Litigation likely on application to federally regulated business
Quebec’s new language laws, enacted last week, will have wide-ranging impacts on businesses, including widening coverage to smaller companies. Legal observers also predict a jurisdictional fight with the federal government over its application to federally regulated firms.
The National Assembly of Québec adopted Bill 96 – An Act respecting French, the official and common language of Québec – on May 24, overhauling the Charter of the French language.
The Act extends the “francization” requirements, where a company must demonstrate that the use of French is generalized throughout the workplace, from companies with more than 50 or more employees down to companies with 25 or more employees.
“For some of my clients where their head office is not necessarily in Quebec, if they're sitting in Toronto or the United States and they have employees in Quebec, they could be subject to this obligation,” says Brittany Carson, a partner in the labour and employment law group at Lavery in Montreal. “It could actually be quite significant in terms of the use of French in their organization.”
Although no provision of the Act expressly provides for it, the Quebec government also confirmed that it would require businesses under federal jurisdiction (e.g. banks, telecommunications and interprovincial transportation companies) to comply for their operations in Quebec, lawyers at Dentons wrote in a client bulletin.
“Absolutely, there will be some sort of challenge.
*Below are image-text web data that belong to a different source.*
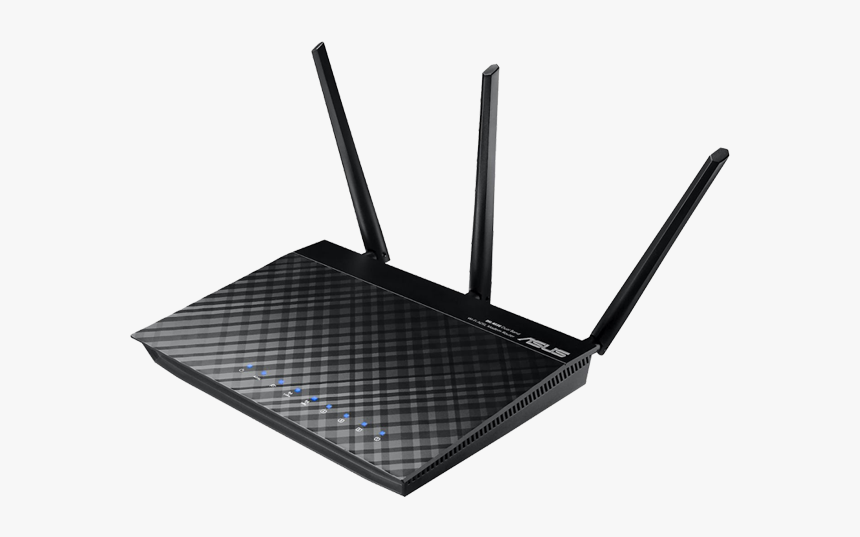 Asus Router Icon Png, Transparent Png, Free Download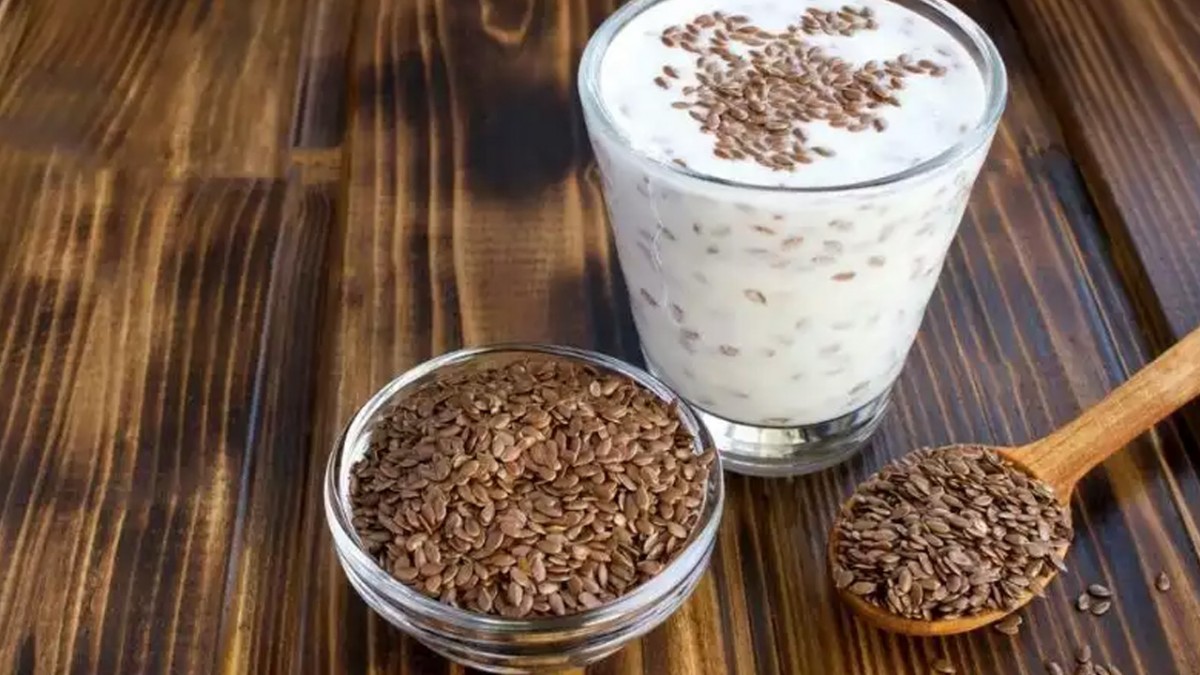 Keten Tohumu Nedir: Sağlığınıza Doğal Bir Destek Keten Tohumu Nedir: Sağlığınıza Doğal Bir Destek
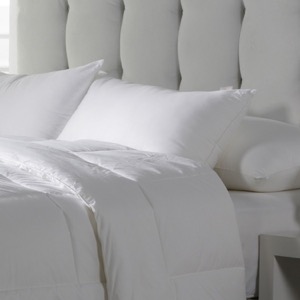 Edredón Grand alternativo de plumón 100% algodón de la mejor calidad hotelera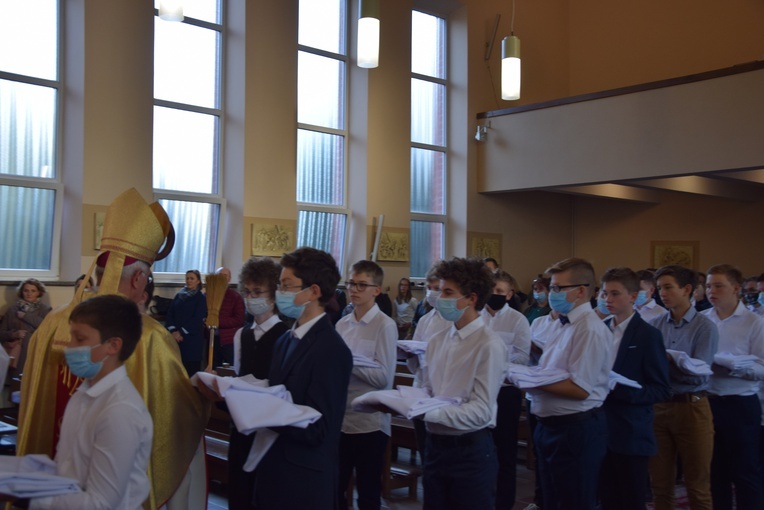 Promocja lektorska - cz. I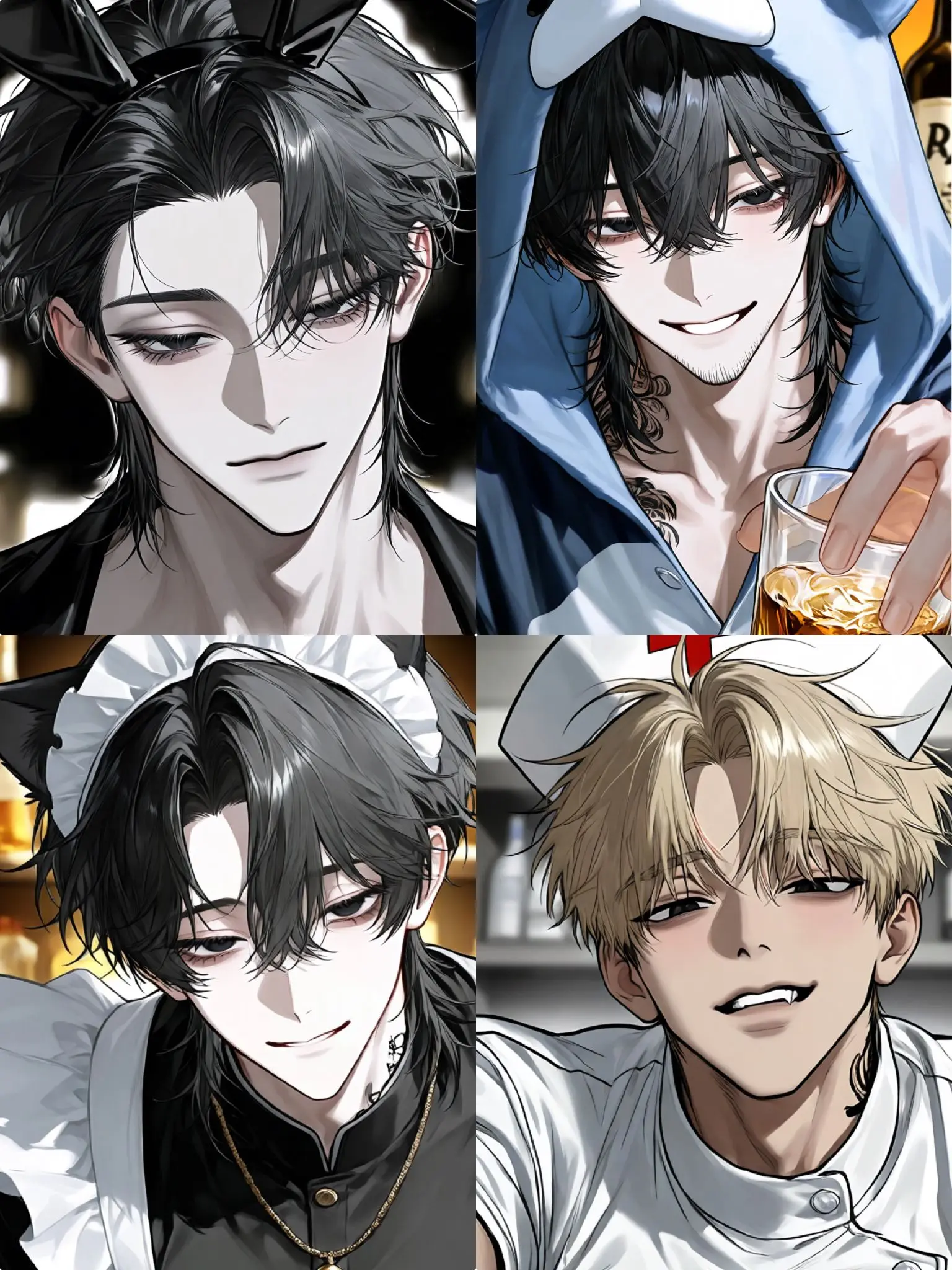 Sbata_444의 変わったBARを見つけてしまった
I've seen lawyers already indicating that they're going in that direction,” says Carson.
Although the previous version of the law did require many employment documents to be in French, “we really see that the bill is encouraging a more specific list of documents that have to be translated,” says Emma-Sophie Hall, an associate at Lavery in the labour and employment law group. The Act also requires French written communications to employees unless a worker requests a different language of communication.
Companies have three years to prepare for the new francization obligations before they come into force. Businesses with 25 employees or more must register and obtain a francization certificate from the Office québécois de la langue française (OQLF).
Among the requirements set out to obtain a certificate, Carson says many clients are asking her how to demonstrate “necessity” where they want a language other than French to be required for an employment position. Employers “need to do a good job of evaluating the tasks for a job they're posting, [and demonstrate] that what exists already in the organization is not sufficient to cover off that requirement of a language other than French,” says Carson.
In terms of enforcement, Carson says the legislation makes it easier for employees to file complaints when claiming a Charter violation.
Previously, the OQLF was more of a partner with businesses, Hall says, but now there are fines for companies that don't comply with the francization process.
The Act broadens the powers of the OQLF for inspections and investigations and grants the OQLF the authority to apply to a judge of the Superior Court for an injunction, says the Dentons bulletin.
The Act also introduces new civil sanctions for violations. A business may also be subject to the suspension or revocation of a permit or other authorizations for repeated contraventions. Companies that don’t comply can also be barred from government contracts or subsidies.
The bill has many other detailed requirements for companies, including how it operates and its language for internal communication, software, work tools and client communication.